= Goal of the exercise =
With pictures excluded, give again exactly the lines running from the one holding "Close view of" through the end of the listing below.

= Data =
****************

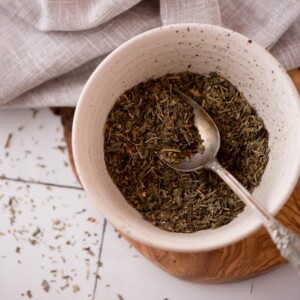 Spoon laying in a bowl of homemade italian seasoning.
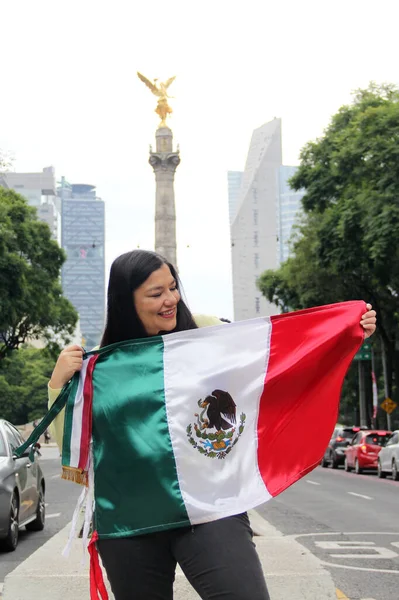 Stock image Latin adult woman shows the flag of mexico proud of the culture and tradition of her country, celebrates mexican patriotism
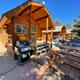 Close view of KOA-style wood cabin with porch, picnic table and grill — a clear photo of on-site cabin accommodations consistent with the campground’s ‘ways to stay’ images.
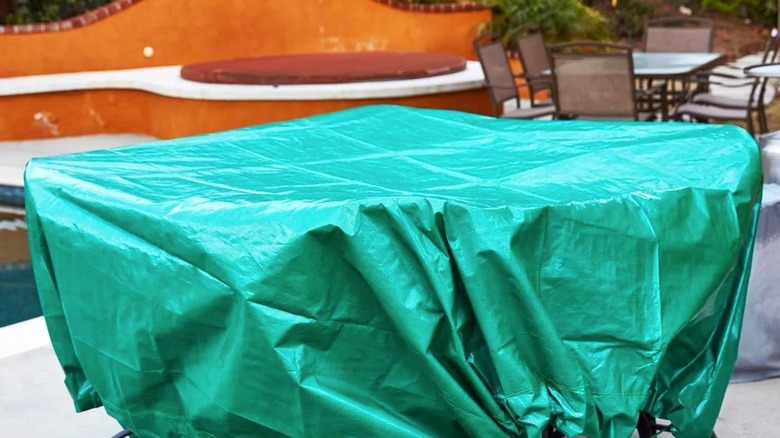 Green Harbor Freight drawstring tarp draped over patio set outdoors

****************

= Answer to the exercise =
 Close view of KOA-style wood cabin with porch, picnic table and grill — a clear photo of on-site cabin accommodations consistent with the campground’s ‘ways to stay’ images.
 Green Harbor Freight drawstring tarp draped over patio set outdoors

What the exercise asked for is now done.